• _Task details_: Print the records below exactly, from the line containing "Merkmak сезон: весна–лето" down to the line containing "Wrench Tool Kit", both lines included, and omit every picture.

• _Available data_:
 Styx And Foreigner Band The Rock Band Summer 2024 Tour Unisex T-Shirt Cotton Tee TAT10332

...

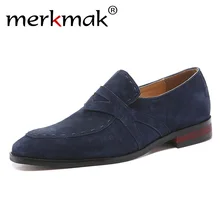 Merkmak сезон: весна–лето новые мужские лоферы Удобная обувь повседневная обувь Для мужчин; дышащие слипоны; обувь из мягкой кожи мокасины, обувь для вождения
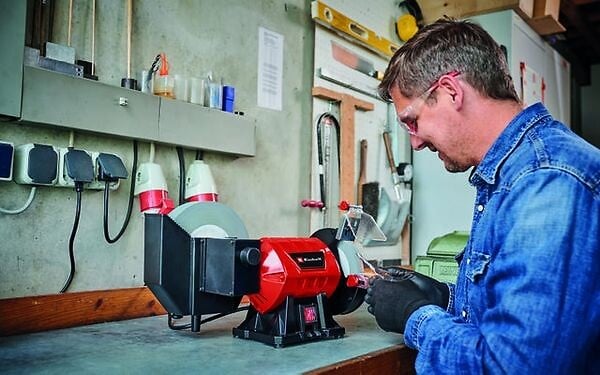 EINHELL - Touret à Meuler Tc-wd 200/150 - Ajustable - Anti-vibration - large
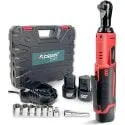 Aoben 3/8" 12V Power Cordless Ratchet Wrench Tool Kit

---

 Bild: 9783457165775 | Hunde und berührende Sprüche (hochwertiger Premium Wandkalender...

• _Result for this task_:
 Merkmak сезон: весна–лето новые мужские лоферы Удобная обувь повседневная обувь Для мужчин; дышащие слипоны; обувь из мягкой кожи мокасины, обувь для вождения
 EINHELL - Touret à Meuler Tc-wd 200/150 - Ajustable - Anti-vibration - large
 Aoben 3/8" 12V Power Cordless Ratchet Wrench Tool Kit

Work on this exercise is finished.